=== Section Start ===

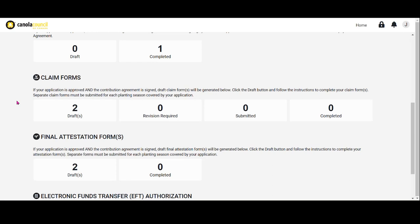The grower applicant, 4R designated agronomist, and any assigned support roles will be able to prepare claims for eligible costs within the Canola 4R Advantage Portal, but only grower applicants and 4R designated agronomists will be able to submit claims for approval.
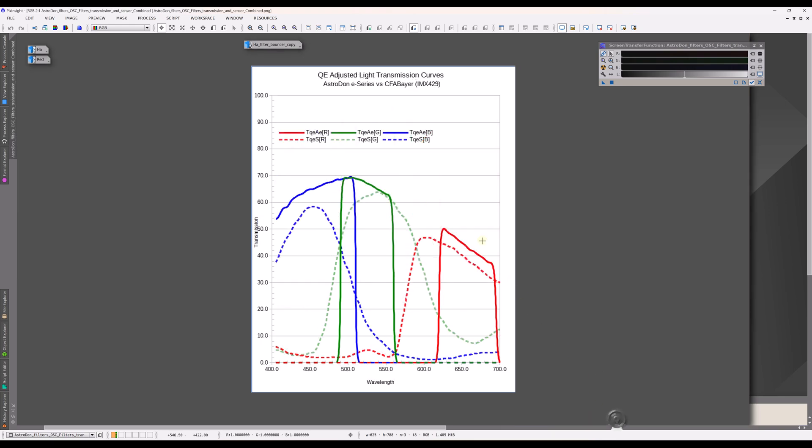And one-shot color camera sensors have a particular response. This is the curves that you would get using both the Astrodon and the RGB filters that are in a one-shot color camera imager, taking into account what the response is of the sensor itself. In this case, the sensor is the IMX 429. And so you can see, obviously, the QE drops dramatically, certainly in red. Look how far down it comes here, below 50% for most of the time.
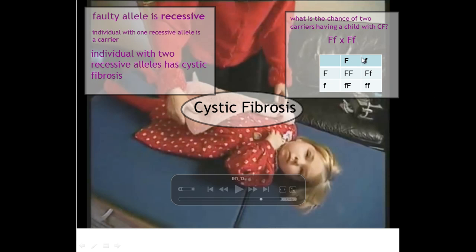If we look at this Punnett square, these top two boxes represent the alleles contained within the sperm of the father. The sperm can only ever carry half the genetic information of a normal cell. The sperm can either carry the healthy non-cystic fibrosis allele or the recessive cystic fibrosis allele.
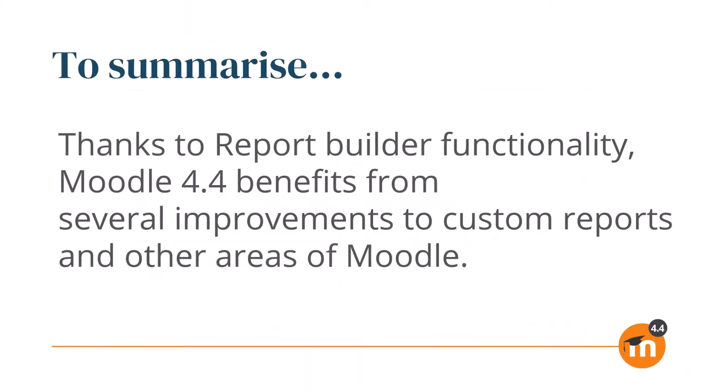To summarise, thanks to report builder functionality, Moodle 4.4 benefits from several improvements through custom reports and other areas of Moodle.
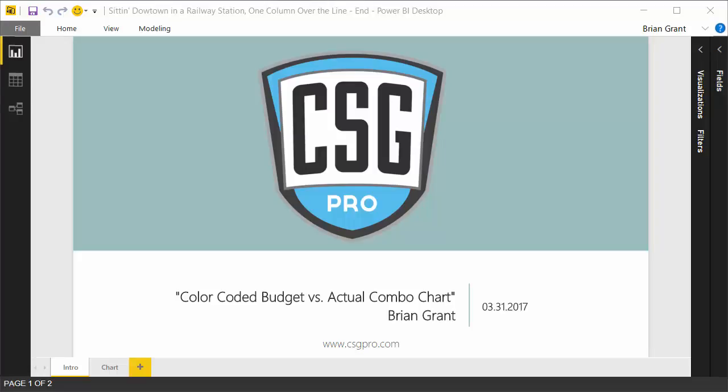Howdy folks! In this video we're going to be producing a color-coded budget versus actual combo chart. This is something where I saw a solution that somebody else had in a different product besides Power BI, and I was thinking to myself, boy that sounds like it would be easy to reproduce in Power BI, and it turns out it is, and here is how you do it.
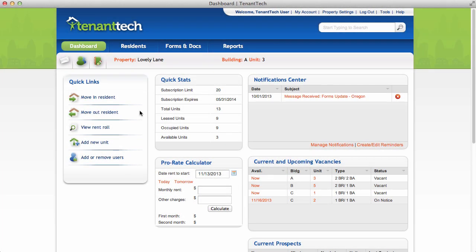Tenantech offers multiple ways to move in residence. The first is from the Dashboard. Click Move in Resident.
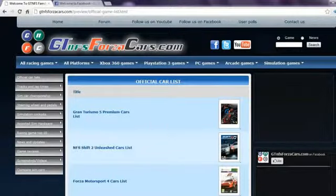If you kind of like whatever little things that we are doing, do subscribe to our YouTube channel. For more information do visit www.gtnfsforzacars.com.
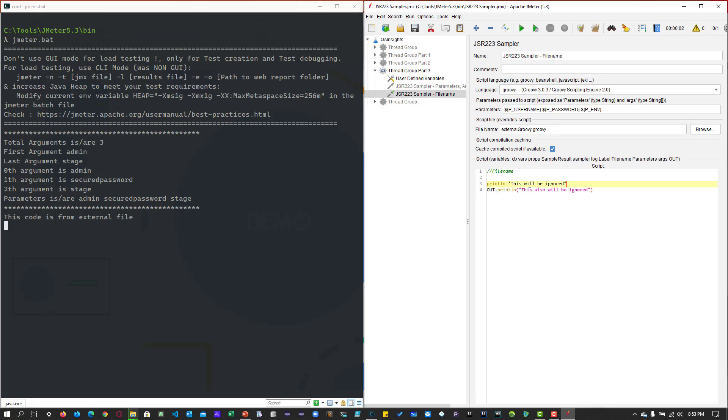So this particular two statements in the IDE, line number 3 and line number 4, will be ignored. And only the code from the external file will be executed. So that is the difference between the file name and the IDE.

=== Section End ===
=== Section Start ===

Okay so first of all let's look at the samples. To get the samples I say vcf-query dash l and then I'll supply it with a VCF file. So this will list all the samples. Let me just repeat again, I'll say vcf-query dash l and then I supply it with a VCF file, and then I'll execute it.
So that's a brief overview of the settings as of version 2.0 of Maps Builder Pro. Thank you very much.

=== Section End ===

[TASK OBJECTIVE]
Using the entries above, write out exactly the lines from the one with "The grower applicant, 4R" through the one with "So this particular", ends included. Leave out any pictures.

[ANSWER BOX]
The grower applicant, 4R designated agronomist, and any assigned support roles will be able to prepare claims for eligible costs within the Canola 4R Advantage Portal, but only grower applicants and 4R designated agronomists will be able to submit claims for approval.
And one-shot color camera sensors have a particular response. This is the curves that you would get using both the Astrodon and the RGB filters that are in a one-shot color camera imager, taking into account what the response is of the sensor itself. In this case, the sensor is the IMX 429. And so you can see, obviously, the QE drops dramatically, certainly in red. Look how far down it comes here, below 50% for most of the time.
If we look at this Punnett square, these top two boxes represent the alleles contained within the sperm of the father. The sperm can only ever carry half the genetic information of a normal cell. The sperm can either carry the healthy non-cystic fibrosis allele or the recessive cystic fibrosis allele.
To summarise, thanks to report builder functionality, Moodle 4.4 benefits from several improvements through custom reports and other areas of Moodle.
Howdy folks! In this video we're going to be producing a color-coded budget versus actual combo chart. This is something where I saw a solution that somebody else had in a different product besides Power BI, and I was thinking to myself, boy that sounds like it would be easy to reproduce in Power BI, and it turns out it is, and here is how you do it.
Tenantech offers multiple ways to move in residence. The first is from the Dashboard. Click Move in Resident.
If you kind of like whatever little things that we are doing, do subscribe to our YouTube channel. For more information do visit www.gtnfsforzacars.com.
So this particular two statements in the IDE, line number 3 and line number 4, will be ignored. And only the code from the external file will be executed. So that is the difference between the file name and the IDE.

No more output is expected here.